Abstract
Outside the pseudoautosomal regions, the mammalian sex chromosomes are thought to have been genetically isolated for up to 350 million years. However, in humans pathogenic XY translocations occur in XY-homologous (gametologous) regions, causing sex-reversal and infertility. Gene conversion might accompany recombination intermediates that resolve without translocation and persist in the population. We resequenced X and Y copies of a translocation hotspot adjacent to the PRKX and PRKY genes and found evidence of historical exchange between the male-specific region of the human Y and the X in patchy flanking gene-conversion tracts on both chromosomes. The rate of X-to-Y conversion (per base per generation) is four to five orders of magnitude more rapid than the rate of Y-chromosomal base-substitution mutation, and given assumptions about the recombination history of the X locus, tract lengths have an overall average length of ∼100 bp. Sequence exchange outside the pseudoautosomal regions could play a role in protecting the Y-linked copies of gametologous genes from degeneration.
Main Text
The human sex chromosomes derive from an ancestral pair of autosomes;1 the Y chromosome has degenerated so that normal crossover with the X is now restricted to the specialized XY-homologous pseudoautosomal regions (Figure 1A). Other XY-homologous loci (“gametologs”2) are regarded as evolutionarily isolated and include 25 genes with functional copies on both sex chromosomes.3 Although gene conversion (nonreciprocal transfer of sequence without crossover) is frequent4–6 among sequences on the male-specific region of the Y chromosome (MSY7), the highly resolved MSY binary-marker phylogeny8 reveals no signal of recombination with other chromosomes. The only evidence to date for inter-gametolog exchange in mammals is the observation of two gene-conversion events in the ZFX (MIM 314980)/ZFY (MIM 490000) gene pair during 10–15 million years of evolution within the Felidae.9
Translocations between the short arms of the human sex chromosomes can transfer the sex-determining SRY gene (MIM 480000), causing sex reversal10 (46,XX males [MIM 278850] and 46,XY females [MIM 233420]), demonstrating that recombination intermediates can indeed form between gametologs (Figure 1A). In the best-understood class of such translocations, nonallelic homologous recombination (NAHR) occurs within an approximately 140 kb region encompassing the PRKX (MIM 300083) and PRKY (MIM 400008) gametologous gene pair11,12 (Figure 1B). Overall sequence similarity between these regions, lying in stratum 5 of the X chromosome and recombinationally isolated 29–32 million years ago3, is 94%. Most breakpoints cluster in one of two hotspots (hotspot A [HSA]: 12/30 cases13); exchange in this hotspot has occurred within a 246 bp segment of sequence identity.
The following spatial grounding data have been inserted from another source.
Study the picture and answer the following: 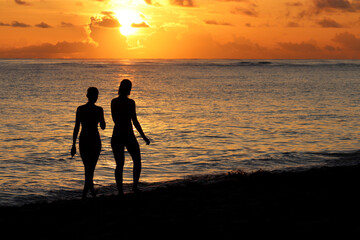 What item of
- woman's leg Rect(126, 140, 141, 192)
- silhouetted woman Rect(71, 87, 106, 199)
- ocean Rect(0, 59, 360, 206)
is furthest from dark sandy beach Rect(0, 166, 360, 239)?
ocean Rect(0, 59, 360, 206)

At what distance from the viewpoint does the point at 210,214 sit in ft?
23.3

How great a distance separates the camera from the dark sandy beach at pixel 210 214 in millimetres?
6211

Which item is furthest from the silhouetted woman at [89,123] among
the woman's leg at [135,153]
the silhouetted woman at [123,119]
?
the woman's leg at [135,153]

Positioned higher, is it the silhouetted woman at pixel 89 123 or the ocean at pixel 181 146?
the silhouetted woman at pixel 89 123

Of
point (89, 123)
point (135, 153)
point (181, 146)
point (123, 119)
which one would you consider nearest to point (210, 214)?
point (135, 153)

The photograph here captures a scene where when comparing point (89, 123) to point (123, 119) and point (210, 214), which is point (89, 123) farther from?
point (210, 214)

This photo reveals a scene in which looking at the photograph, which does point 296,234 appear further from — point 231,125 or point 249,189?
point 231,125

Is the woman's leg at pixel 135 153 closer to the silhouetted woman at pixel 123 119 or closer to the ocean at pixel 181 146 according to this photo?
the silhouetted woman at pixel 123 119

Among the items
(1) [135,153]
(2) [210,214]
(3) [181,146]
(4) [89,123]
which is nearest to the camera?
(2) [210,214]

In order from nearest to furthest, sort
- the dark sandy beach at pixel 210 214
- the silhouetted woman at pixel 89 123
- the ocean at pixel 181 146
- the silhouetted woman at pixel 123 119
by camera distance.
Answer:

Because of their associated infertility, PRKX/Y recombination intermediates resolving with translocation yield products that are lost from the population. However, resolution of intermediates can also occur without translocation, and we hypothesized that branch migration, heteroduplex formation, and repair prior to resolution could lead to heritable genetic exchange (gene conversions) between the sex chromosomes. To seek evidence of this, we resequenced the X and Y copies of the HSA region in normal males; we reasoned that past gene conversion events would be indicated by switching of GSVs (gametologous sequence variants) from the sequence states usually observed for one sex chromosome to those of the other.
We chose twelve males, all sampled with informed consent in accordance with appropriate institutional and national ethical approval, for resequencing to maximize the chance of observing informative variants: their populations of origin were diverse (thereby maximizing X diversity), and their Y chromosomes belonged to a wide range of haplogroups (hgs) in the Y phylogeny. We designed primers in regions of high X-Y divergence to amplify ∼1.9 kb X- and Y-specific segments (Table S1 in the Supplemental Data available online), within which a comparison of the X- and Y-chromosomal reference sequences (Figure S1) revealed a total of 66 GSVs centered on the 246 bp identity block (Figure 1C).
Eleven of the 12 Y-chromosomal sequences were identical to the reference sequence. However, in one hgA2c Y chromosome (YCC22) carried by a Namibian male, two GSVs lying 4 bp apart differed (Figure 1D). In principle, differences could be due either to mutation or to gene conversion from the X gametolog. Here, gene conversion is the only plausible explanation because the variant GSVs have both switched to X-chromosomal sequence states and lie adjacent to each other, such that they represent a single gene conversion tract that is between 4 and 138 bp in length (the maximum length is the distance between the two GSVs flanking the conversion tract); neither GSV corresponds to a highly mutable CpG dinucleotide. This represents the first evidence, to our knowledge, of heritable genetic exchange between the human sex chromosomes outside the pseudoautosomal regions. We surveyed the same subregion in a sample of 23 additional diverse Y chromosomes (Table S2) and found the same tract in two additional hgA2 Y chromosomes, suggesting common ancestry for the event. Surprisingly, we also found an overlapping but longer tract of conversion, involving four GSVs, in a chromosome belonging to hgQ. Survey of a further 32 diverse hgQ chromosomes from the Americas, Central Asia, and Europe failed to provide any other examples, so this independent conversion event remains a singleton.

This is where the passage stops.